Ma la grande differenza risiede nel ‘target’ sociale e
politico del nuovo progetto: rappresentare una presunta maggioranza
degli italiani stufi di una certa politica e quindi disposti a voltare
pagina, oppure mettere insieme i pezzi di una sinistra che altrimenti
rimarrebbe di nuovo senza rappresentanza. Una terza ipotesi – ricomporre
e dare rappresentanza a un blocco sociale pesantemente colpito dal
governo dei poteri forti, al di là dei ceti politici di una sinistra
rissosa e senza idee – non sembra essere al centro del dibattito.
Sul
quale pesano le decisioni future di alcune forze politiche, che
dovranno aspettare di capire con quale legge si andrà a votare. E di
alcuni pezzi di ceto politico che sceglieranno all'ultimo minuto utile
se tentare la carta di una aggregazione politica esterna all'asse PD-SEL
oppure cercare di ritagliarsi uno spazio di manovra all'interno del
centrosinistra.
Se il dibattito suscitato dal "l'appello dei 70"
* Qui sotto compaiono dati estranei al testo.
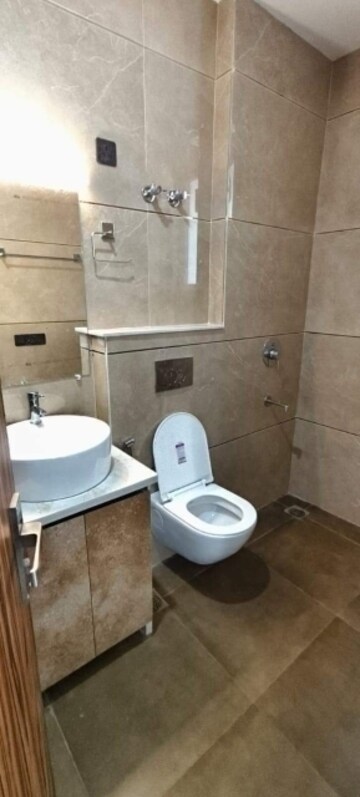 Bathroom in 2 BHK Builder Floor at Adore Happy Homes, Sector 86 – for Sale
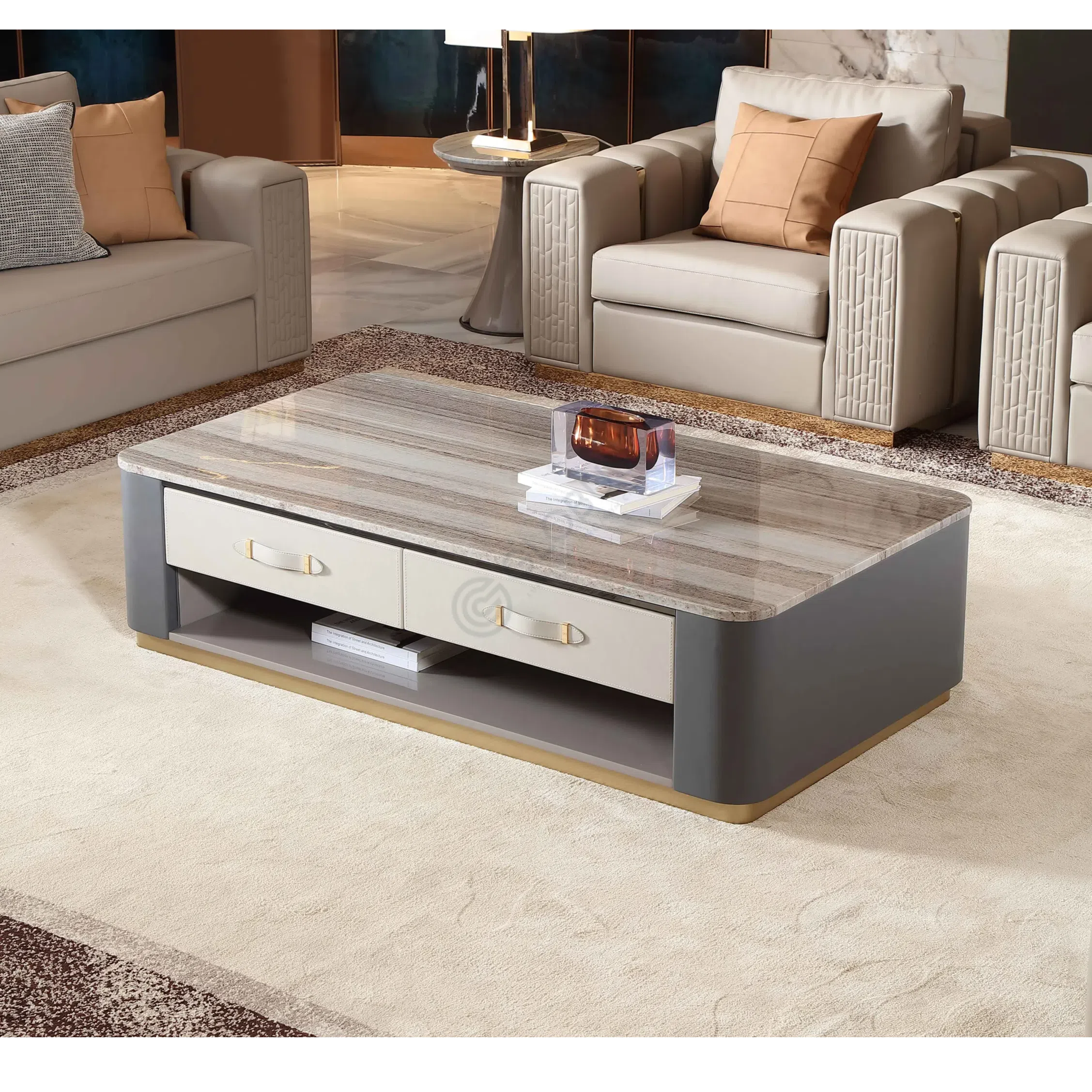 Журнальный столик Aubergine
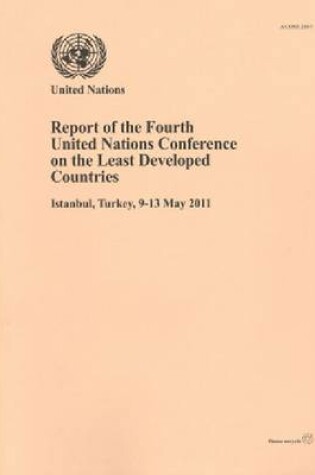 Cover of Report of the Fourth United Nations Conference on the Least Developed Countries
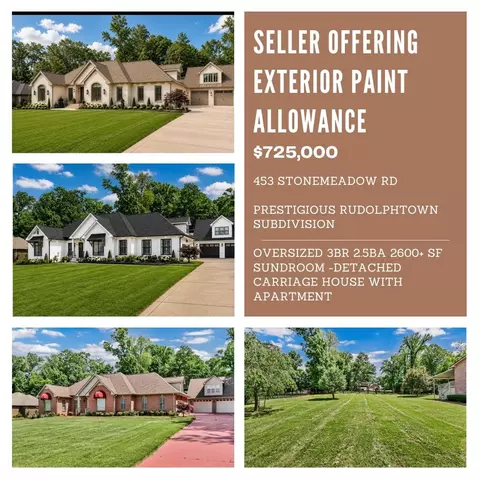453 Stonemeadow Rd, Clarksville, TN 37043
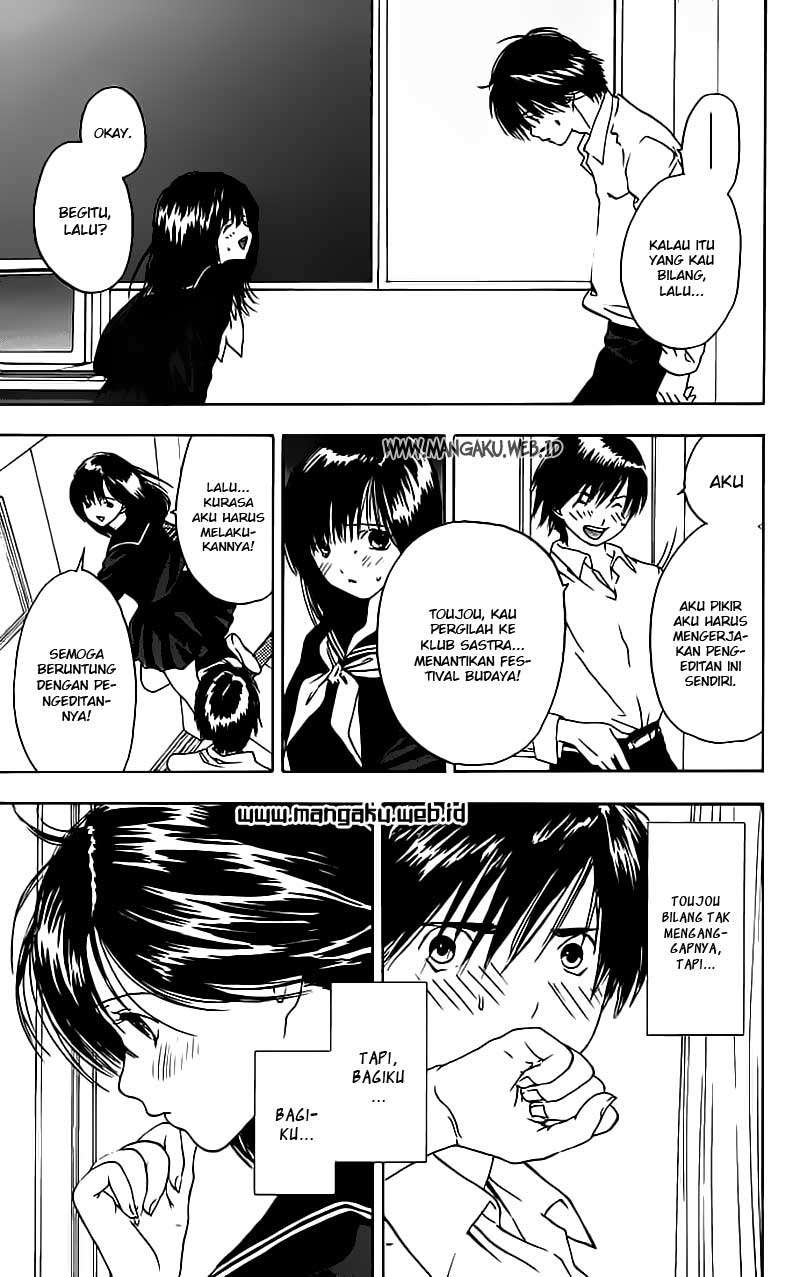 Ichigo 100% Chapter 37 - halaman 4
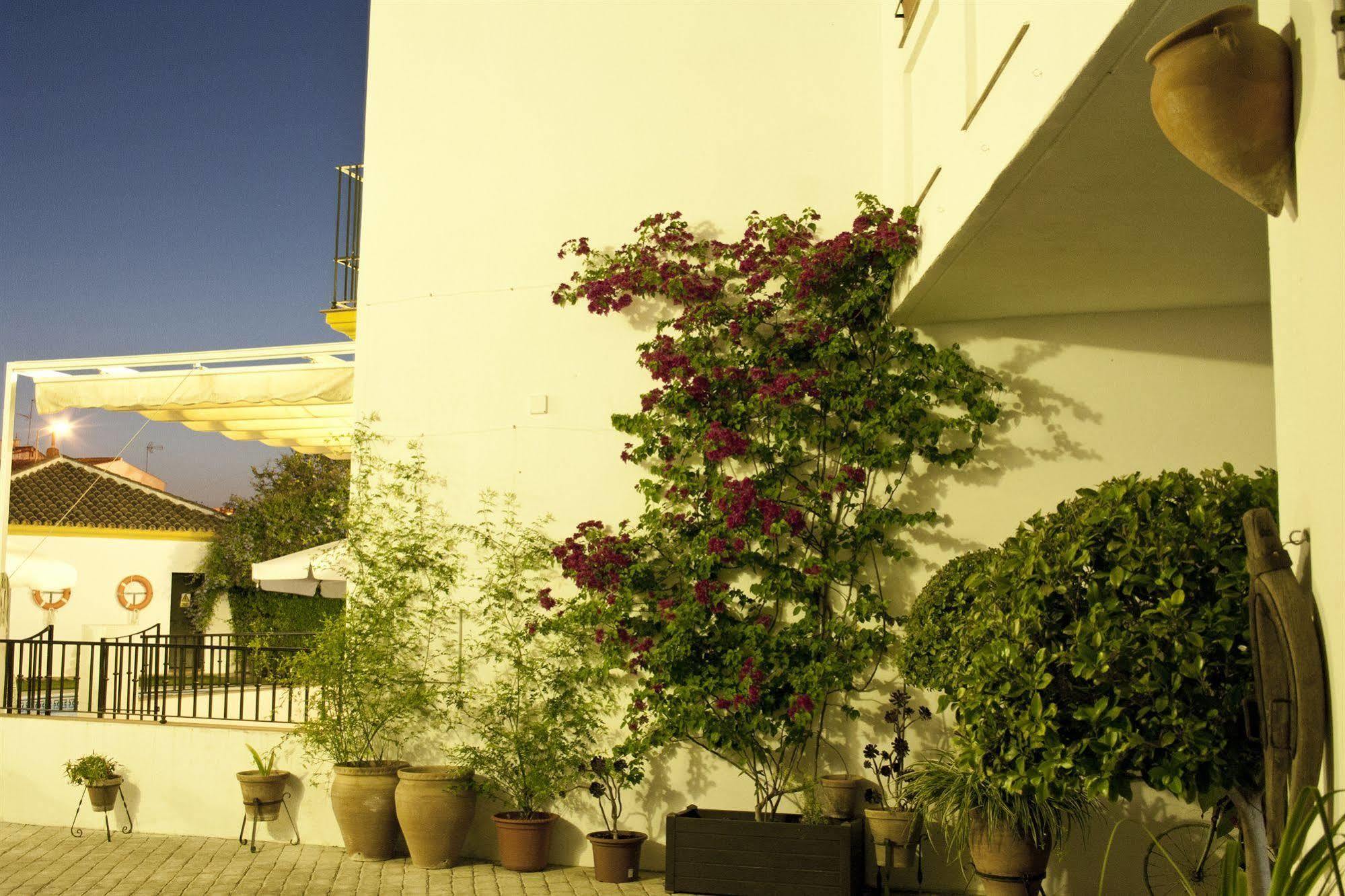 Hacienda Olontigi Casa de hóspedes Aznalcázar Exterior foto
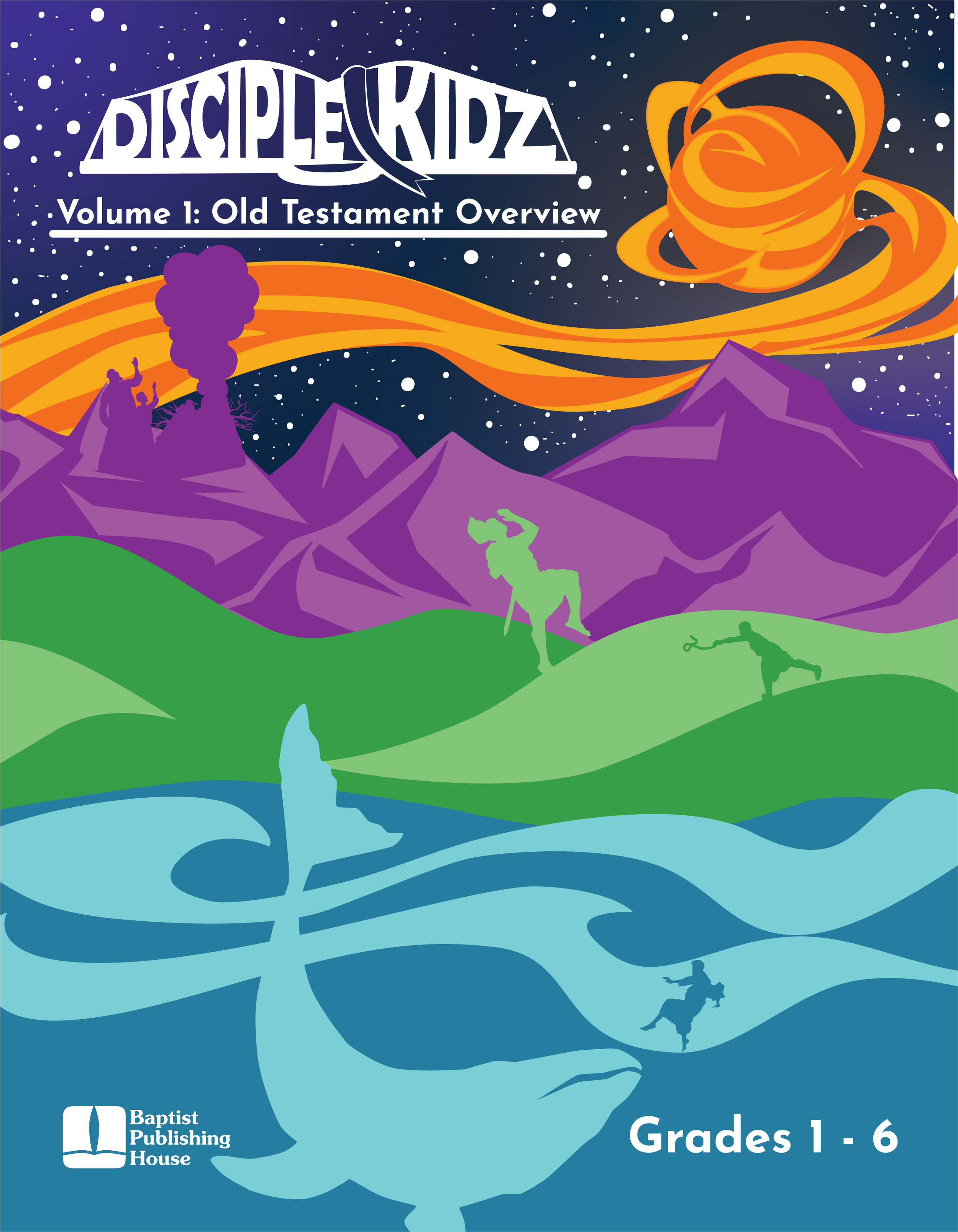 Children's Sunday School Lessons (DiscipleKidz, Volume 1: Old Testament Overview)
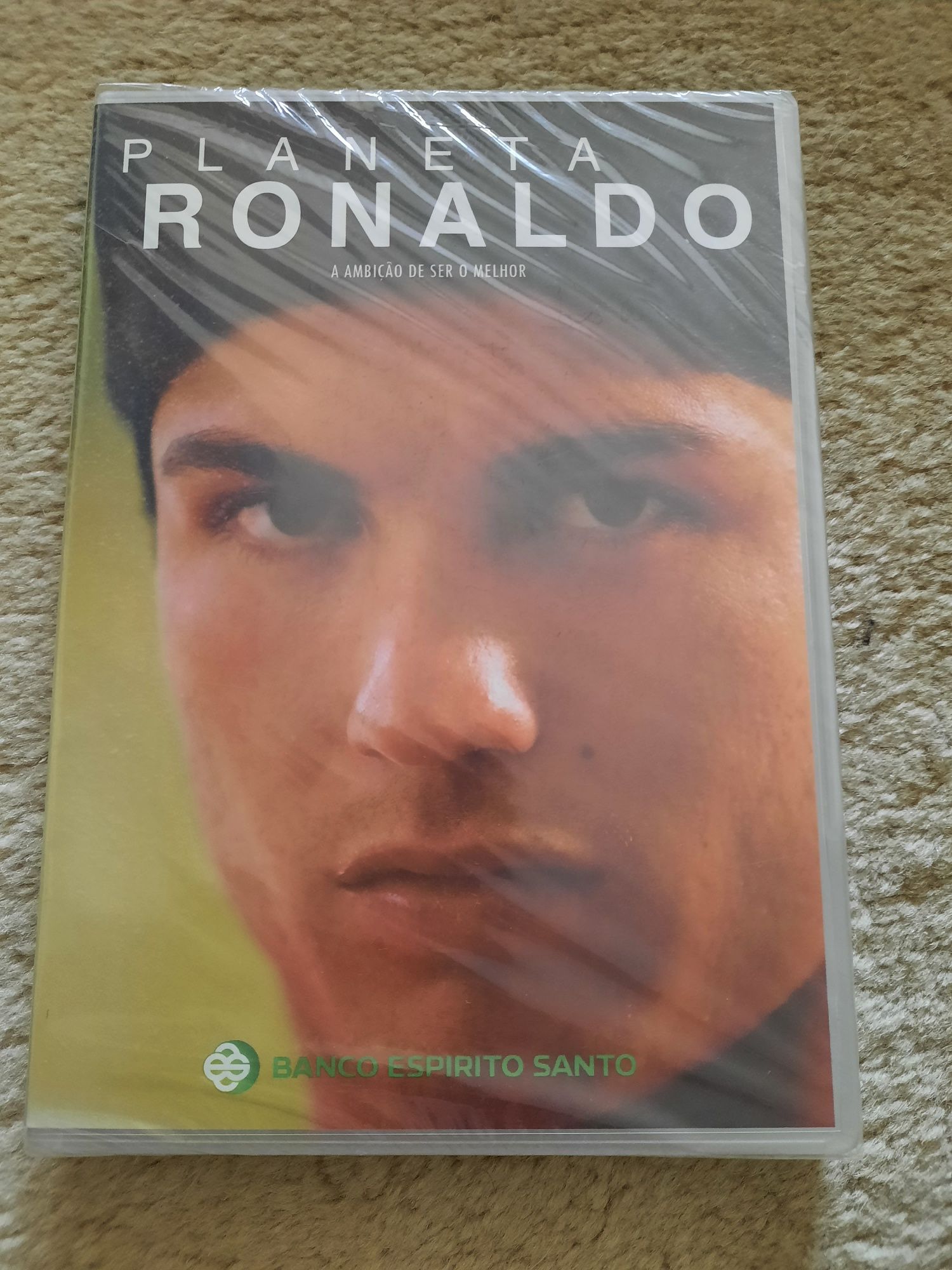 DVD C.Ronaldo. Novo. Selado.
riuscisse a chiarire che comunque ogni spazio di alternativa politica non
può che nascere da una soggettività indipendente e conflittuale rispetto
al PD e ai suoi cespugli, sarebbe comunque già una cosa positiva...
Fonte
Tra Movimento 5 Stelle e questi qui, il futuro delle rappresentanze sociali lo vedo sempre più fosco.